Gue mencari ilmu karena kalau gue merantau memperbaiki nasib gue takut pas
pulang berubah menjadi batu.
Hingga
pada saat nya kelas pertama pada perkuliahan gue dimulai. Dosen mempersilahkan
mahasiswanya maju satu per satu untuk memperkenalkan diri. Gue duduk di barisan
ketiga dihitung dari depan. Sambil memperhatikan mahasiswa memperkenalkan diri,
gue senyum-senyum cengengesan engga jelas mendengar mereka memperkenalkan
dirinya. Ini adalah trik PuraPuraMemperhatikanPadahalLagiMikir (PPMPLM). Gue
bingung mau ngomong apa kalo sudah bagian gue yang maju memperkenalkan diri
didepan. Apa gue harus bilang kalo gue ganteng sampai supir busway pun naksir
sama gue? Atau gue memperkenalkan diri dengan menyebutkan asal gue dari kebun
binatang mana? Gue terus menerapkan trik PPMPLM.
Hingga
akhirnya saat yang engga gue tunggu pun tiba.
“Silahkan
selanjutnya”. Suara dosen pun terdengar seperti suara pengeksekusi mati yang
mempersilahkan tersangkanya buat di tembak.
Gue
maju masih dengan cengengesan.
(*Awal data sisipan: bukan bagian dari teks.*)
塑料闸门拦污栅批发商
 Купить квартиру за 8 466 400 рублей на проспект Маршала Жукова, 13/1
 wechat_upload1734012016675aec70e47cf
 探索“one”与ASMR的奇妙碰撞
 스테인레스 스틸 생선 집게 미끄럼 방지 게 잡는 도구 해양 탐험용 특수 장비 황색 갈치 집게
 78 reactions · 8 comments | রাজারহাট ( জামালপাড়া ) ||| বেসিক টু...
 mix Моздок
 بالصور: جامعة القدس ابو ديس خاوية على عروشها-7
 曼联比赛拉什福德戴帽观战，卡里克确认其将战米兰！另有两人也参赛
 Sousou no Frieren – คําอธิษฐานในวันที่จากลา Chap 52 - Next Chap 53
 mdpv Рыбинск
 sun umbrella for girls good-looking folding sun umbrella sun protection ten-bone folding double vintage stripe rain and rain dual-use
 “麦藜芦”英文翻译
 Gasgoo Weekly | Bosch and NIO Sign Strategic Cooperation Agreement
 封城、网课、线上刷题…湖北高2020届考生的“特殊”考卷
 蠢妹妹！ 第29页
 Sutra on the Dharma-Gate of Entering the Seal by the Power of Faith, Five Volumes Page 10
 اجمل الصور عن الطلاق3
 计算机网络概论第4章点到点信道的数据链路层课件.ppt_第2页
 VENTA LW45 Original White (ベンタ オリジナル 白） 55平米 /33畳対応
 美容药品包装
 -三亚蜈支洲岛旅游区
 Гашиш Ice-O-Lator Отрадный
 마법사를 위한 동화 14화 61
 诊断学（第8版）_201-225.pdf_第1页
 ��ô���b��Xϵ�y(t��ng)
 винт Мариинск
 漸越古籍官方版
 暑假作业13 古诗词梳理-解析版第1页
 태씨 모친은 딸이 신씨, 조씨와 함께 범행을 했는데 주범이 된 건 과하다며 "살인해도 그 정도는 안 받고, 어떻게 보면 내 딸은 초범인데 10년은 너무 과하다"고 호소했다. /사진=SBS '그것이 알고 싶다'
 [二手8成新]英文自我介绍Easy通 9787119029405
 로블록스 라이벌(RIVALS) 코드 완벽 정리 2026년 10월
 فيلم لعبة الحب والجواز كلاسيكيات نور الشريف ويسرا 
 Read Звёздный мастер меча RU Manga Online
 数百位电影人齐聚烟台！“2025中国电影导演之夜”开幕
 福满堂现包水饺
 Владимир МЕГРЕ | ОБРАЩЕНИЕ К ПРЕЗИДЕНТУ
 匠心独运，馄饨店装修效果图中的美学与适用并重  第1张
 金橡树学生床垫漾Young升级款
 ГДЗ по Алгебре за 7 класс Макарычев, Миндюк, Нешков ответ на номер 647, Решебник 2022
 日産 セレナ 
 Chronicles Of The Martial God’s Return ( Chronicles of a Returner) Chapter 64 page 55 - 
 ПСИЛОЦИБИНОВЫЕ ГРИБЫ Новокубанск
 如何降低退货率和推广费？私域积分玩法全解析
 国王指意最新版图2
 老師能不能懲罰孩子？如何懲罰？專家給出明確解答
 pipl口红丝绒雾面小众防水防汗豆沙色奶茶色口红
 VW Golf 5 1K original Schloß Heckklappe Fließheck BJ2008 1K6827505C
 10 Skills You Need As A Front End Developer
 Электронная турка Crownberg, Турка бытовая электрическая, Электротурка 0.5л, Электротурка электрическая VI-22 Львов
Maju dengan sepatu kegedean dengan kaus kaki
yang kepanjangan mirip kaya pemain bola yang bermain dipinggir lapangan
ngambilin bola, pake baju kemeja merah darah yang mirip banget kaya orang mau
pergi kekondangan mantan, celananya masih model cutbrai model artis 80’an dan
hidung gede gue pun memerah dengan di iringi muka cengengesan kaya mau nahan
boker.
Gue
pun dengan terpaksa maju ke panggung pengeksekusian.
“Perkenalkan,
nama saya Ade, saya dari daerah jawa yang berusaha buat menjadi terkenal di Jakarta,
setidaknya buat ngalahin badut di ancol. saya dari jusan Teknik Informatika”.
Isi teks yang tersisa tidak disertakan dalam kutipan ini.